Top of Data to examine

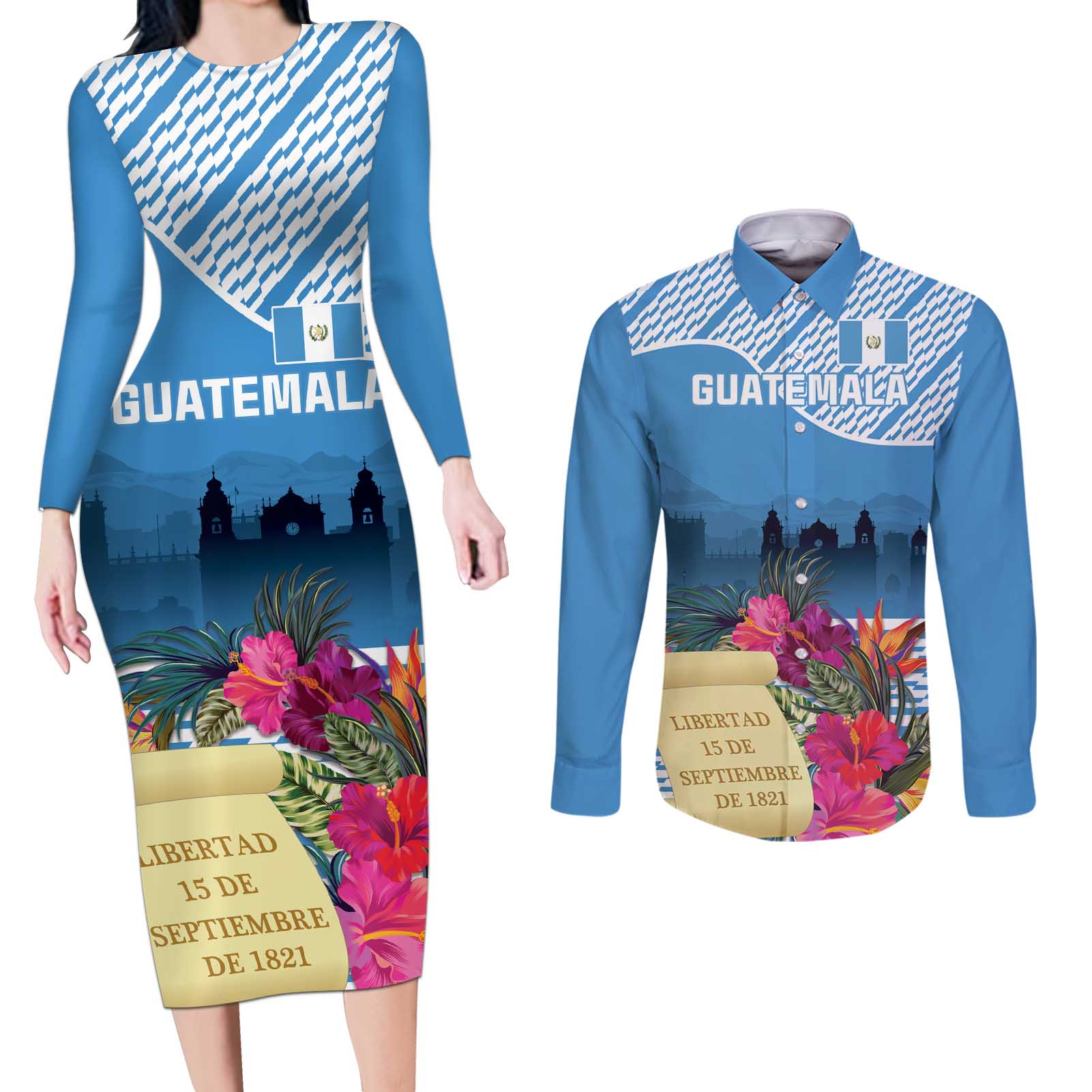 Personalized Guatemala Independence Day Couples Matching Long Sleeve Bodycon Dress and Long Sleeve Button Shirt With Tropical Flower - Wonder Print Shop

Bottom of Data to examine
Top of Data to examine

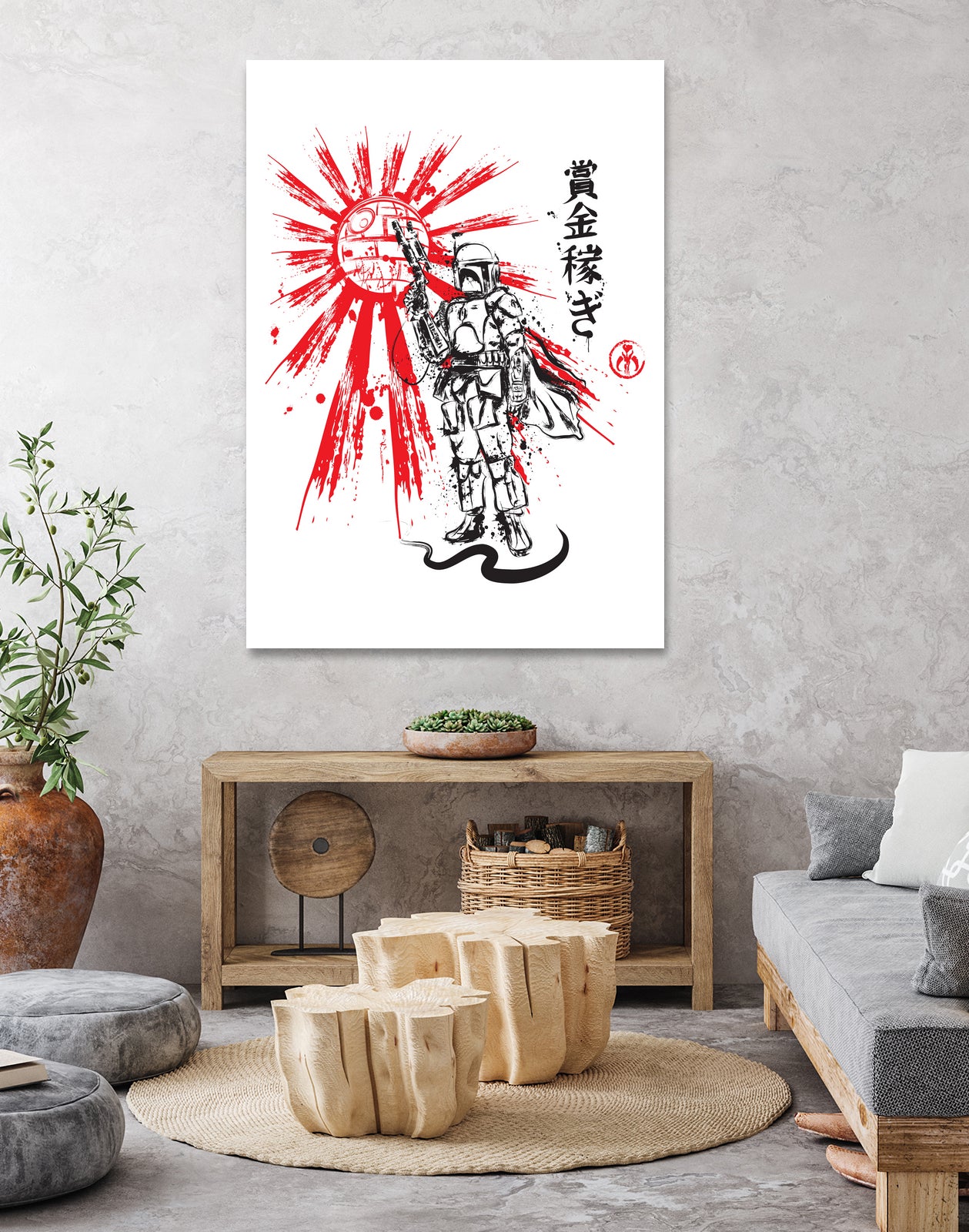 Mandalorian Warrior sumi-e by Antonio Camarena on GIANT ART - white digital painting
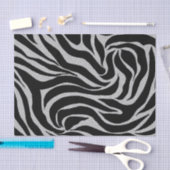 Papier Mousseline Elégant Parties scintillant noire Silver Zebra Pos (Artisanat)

Bottom of Data to examine

**Brief:** Working from the records above, set down word for word everything from the line containing "Mandalorian Warrior sumi-e" down to the line containing "Papier Mousseline Elégant", ends included, minus the pictures.

**Exercise solution:**
 Mandalorian Warrior sumi-e by Antonio Camarena on GIANT ART - white digital painting
 Papier Mousseline Elégant Parties scintillant noire Silver Zebra Pos (Artisanat)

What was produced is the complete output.